El fenómeno contemporáneo del que somos testigos no es, por tanto, una regresión reaccionaria ni un mero ejercicio de nostalgia por los tiempos idílicos del celuloide y los decorados de cartón piedra. Lo que estamos presenciando es el feliz y necesario retorno del cineasta-artesano frente al imperio del cineasta-técnico. Tras años de saturación de imágenes impolutas, hiperdefinidas y vacías que olvidamos apenas se encienden las luces de la sala, los estudios y los creadores parecen haber comprendido que el espectador no asiste al cine demandando más resolución de pantalla ni nitideces clínicas que rivalicen con la realidad del ojo. Exigimos texturas que nos estremezcan, contrastes que nos perturben y paletas cromáticas que nos transporten a otras dimensiones emocionales.

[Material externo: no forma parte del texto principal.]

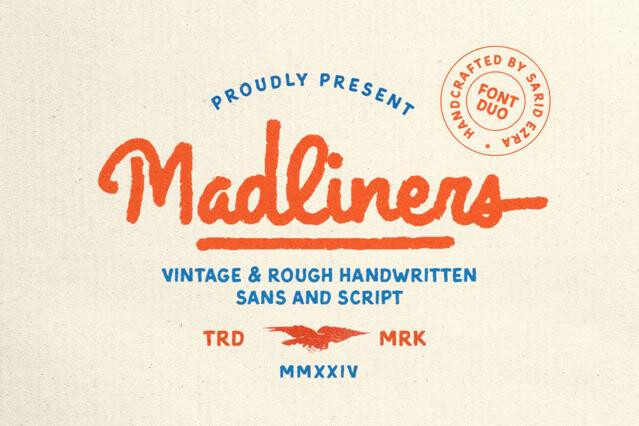 Madliners — Rough Font Duo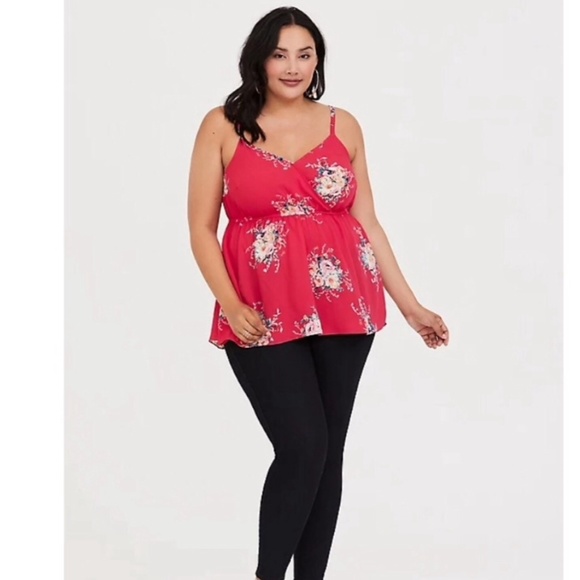 Torrid Pink Floral Blouse, Size 0 - Picture 1 of 8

La imperfección, el grano que vibra, el decorado que cruje bajo las botas de un actor y la sombra que oculta el peligro son las herramientas fundamentales de la ilusión cinematográfica. El cine está volviendo a ser cine porque ha recuperado el valor del fotograma que se queda grabado a fuego en la retina mucho tiempo después de que los créditos hayan terminado de desfilar por la pantalla. Nos encontramos ante una revitalización del medio que celebra el defecto, que abraza el riesgo de la toma física y que sitúa la mirada humana por encima de la infalibilidad de la máquina. El cine, finalmente, vuelve a recuperar su peso específico en el mundo, recordándonos que su magia nunca dependió de la perfección del registro, sino de la maravillosa y profunda imperfección de su poesía visual.